Onetime New York City mayor Ed Koch, who ran the city when it was first hit with the AIDS epidemic, had died of congestive heart failure. He was 88.
“In elected office and as a private citizen, he was our most tireless, fearless, and guileless civic crusader,” said Mayor Michael Bloomberg said. “We will miss him dearly, but his good works—and his wit and wisdom—will forever be a part of the city he loved so much.”
The three-term mayor, who served from 1978-1989, leaves behind a complicated legacy: While his unbridled enthusiasm helped New Yorkers during some of the city’s darkest days, his inaction in the face of the dawning AIDS epidemic earned him the enmity of many in the gay community.

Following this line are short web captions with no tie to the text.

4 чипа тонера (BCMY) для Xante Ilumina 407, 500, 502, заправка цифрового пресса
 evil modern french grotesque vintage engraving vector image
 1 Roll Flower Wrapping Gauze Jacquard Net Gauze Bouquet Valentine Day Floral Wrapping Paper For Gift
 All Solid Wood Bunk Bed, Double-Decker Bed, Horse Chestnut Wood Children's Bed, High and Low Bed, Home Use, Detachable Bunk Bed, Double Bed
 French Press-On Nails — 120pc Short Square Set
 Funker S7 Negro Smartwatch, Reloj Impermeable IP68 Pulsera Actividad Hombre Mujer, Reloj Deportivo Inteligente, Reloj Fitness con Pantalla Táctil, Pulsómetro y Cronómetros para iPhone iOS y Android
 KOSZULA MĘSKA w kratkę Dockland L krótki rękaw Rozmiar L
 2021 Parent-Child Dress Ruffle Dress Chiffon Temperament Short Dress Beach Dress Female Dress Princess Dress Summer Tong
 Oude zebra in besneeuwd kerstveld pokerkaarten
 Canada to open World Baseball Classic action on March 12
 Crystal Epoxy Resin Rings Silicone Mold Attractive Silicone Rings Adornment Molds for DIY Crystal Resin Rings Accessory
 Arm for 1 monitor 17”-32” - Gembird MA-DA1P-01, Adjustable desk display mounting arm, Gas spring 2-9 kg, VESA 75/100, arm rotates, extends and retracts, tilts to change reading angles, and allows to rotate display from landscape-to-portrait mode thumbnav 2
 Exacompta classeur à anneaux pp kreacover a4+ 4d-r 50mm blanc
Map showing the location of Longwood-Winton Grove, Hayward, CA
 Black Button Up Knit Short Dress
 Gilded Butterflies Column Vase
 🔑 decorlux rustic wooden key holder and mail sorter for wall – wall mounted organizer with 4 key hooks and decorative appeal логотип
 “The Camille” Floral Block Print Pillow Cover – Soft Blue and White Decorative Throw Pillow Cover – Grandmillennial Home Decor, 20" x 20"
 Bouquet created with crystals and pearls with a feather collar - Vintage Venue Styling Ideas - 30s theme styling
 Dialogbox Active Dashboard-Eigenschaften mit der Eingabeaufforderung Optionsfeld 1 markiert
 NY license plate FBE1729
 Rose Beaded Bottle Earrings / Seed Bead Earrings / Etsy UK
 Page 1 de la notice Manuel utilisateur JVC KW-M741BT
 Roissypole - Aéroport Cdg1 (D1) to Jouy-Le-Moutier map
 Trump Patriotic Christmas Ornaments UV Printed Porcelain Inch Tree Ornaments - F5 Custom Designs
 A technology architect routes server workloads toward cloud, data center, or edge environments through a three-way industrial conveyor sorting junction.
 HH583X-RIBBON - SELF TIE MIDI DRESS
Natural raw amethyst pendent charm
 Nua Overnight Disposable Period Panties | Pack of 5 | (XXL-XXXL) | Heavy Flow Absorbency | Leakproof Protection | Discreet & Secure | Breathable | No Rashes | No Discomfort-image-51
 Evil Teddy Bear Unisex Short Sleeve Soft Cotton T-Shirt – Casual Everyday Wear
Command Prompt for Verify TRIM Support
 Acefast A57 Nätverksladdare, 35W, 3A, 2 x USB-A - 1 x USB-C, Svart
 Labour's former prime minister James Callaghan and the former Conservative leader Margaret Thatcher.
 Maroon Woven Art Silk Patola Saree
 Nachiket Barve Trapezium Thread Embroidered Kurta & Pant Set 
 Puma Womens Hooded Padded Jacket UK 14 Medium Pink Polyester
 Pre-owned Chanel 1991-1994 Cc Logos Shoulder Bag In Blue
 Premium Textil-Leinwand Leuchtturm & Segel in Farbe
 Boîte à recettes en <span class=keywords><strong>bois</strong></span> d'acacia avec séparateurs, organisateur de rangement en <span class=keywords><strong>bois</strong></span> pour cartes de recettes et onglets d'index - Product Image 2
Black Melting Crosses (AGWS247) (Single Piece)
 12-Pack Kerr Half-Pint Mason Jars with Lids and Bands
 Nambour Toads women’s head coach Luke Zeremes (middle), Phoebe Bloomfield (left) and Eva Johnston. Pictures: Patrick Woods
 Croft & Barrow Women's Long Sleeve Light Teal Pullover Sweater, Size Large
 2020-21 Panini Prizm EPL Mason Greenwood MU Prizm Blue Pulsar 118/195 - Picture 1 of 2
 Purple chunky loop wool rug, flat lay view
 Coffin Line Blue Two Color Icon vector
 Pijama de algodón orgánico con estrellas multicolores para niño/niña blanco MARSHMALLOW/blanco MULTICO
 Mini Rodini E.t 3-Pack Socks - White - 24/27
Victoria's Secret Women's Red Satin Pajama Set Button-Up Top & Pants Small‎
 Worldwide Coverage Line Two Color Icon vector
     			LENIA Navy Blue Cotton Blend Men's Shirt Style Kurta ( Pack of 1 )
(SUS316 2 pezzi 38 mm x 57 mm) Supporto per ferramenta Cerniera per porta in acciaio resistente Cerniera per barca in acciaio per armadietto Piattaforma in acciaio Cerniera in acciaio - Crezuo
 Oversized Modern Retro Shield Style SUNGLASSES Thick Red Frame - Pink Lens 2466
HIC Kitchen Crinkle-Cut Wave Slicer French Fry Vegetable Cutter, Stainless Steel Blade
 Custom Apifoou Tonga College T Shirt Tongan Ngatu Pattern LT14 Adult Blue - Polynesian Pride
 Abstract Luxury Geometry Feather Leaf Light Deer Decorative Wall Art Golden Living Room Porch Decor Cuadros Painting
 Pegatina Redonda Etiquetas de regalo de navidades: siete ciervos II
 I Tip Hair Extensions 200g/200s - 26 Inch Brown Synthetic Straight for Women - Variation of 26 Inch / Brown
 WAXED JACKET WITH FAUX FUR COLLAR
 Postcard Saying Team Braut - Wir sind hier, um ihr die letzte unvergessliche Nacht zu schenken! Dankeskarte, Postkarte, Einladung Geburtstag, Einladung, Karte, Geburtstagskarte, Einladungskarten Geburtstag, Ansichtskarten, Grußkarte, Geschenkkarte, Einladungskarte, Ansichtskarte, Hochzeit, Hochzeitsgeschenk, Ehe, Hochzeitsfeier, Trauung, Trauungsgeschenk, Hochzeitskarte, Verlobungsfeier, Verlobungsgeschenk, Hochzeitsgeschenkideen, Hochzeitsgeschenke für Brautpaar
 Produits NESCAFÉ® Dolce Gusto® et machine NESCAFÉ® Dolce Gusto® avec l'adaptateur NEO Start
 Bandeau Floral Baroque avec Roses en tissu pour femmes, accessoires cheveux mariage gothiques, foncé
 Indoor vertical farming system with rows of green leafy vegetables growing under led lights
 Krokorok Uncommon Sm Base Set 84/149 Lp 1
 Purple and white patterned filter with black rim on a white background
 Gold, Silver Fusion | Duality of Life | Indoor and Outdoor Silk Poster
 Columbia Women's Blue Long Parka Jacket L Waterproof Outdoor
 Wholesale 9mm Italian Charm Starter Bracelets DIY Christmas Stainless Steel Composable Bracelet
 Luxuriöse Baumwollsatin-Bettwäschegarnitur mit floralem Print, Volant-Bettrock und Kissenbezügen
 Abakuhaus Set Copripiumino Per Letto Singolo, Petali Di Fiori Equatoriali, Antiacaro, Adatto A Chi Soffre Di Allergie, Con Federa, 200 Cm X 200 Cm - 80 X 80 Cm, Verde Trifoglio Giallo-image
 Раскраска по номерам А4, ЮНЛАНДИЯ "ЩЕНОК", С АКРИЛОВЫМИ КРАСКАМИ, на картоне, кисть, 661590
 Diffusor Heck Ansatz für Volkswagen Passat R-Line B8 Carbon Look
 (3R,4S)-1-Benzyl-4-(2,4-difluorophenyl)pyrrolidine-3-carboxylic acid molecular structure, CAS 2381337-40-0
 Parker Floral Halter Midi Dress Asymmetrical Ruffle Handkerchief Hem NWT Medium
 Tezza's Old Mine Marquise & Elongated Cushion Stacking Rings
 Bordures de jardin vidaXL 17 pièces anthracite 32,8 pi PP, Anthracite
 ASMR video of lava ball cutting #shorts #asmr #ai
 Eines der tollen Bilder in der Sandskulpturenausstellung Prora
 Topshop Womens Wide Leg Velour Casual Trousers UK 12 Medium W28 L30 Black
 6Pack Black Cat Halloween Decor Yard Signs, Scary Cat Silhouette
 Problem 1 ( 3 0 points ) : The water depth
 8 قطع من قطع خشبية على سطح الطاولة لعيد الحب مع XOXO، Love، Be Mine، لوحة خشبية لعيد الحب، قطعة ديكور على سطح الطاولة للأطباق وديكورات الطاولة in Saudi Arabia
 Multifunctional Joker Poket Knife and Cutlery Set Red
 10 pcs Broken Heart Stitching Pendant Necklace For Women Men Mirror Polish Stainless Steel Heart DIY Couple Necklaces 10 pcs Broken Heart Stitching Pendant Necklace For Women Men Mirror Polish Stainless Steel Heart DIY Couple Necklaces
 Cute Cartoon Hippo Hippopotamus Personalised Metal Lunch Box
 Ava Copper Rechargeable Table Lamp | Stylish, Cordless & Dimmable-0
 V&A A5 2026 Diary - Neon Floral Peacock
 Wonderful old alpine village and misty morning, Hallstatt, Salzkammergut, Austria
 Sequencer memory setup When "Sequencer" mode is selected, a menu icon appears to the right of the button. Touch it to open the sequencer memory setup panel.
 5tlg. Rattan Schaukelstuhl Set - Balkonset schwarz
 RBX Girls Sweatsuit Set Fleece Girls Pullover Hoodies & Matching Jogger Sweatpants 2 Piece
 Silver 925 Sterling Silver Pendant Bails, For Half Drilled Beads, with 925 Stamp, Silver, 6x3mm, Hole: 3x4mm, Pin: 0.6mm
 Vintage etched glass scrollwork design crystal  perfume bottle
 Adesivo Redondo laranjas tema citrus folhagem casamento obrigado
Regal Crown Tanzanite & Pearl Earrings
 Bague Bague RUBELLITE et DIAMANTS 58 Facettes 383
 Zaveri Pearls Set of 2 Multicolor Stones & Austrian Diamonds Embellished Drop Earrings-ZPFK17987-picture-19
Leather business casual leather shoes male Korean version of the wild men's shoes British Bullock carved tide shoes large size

A WWII veteran, Koch never married and frequently dodged rumors about being gay. Larry Kramer, a particularly canny foe, excoriated Koch and his inaction on AIDS in the award-winning The Normal Heart. “He was a closeted gay man, and he did not want in any way to be associated with this,” Kramer told New York magazine.
Koch always dismissed the rumors without answering them:”There’s no question that some New Yorkers think I’m gay, and voted for me nevertheless,” Koch told the magazine. “The vast majority don’t care, and others don’t think I am. And I don’t give a [expletive] either way!”
Perhaps serendipitously, Koch, a new documentary about the former politician, debuts today.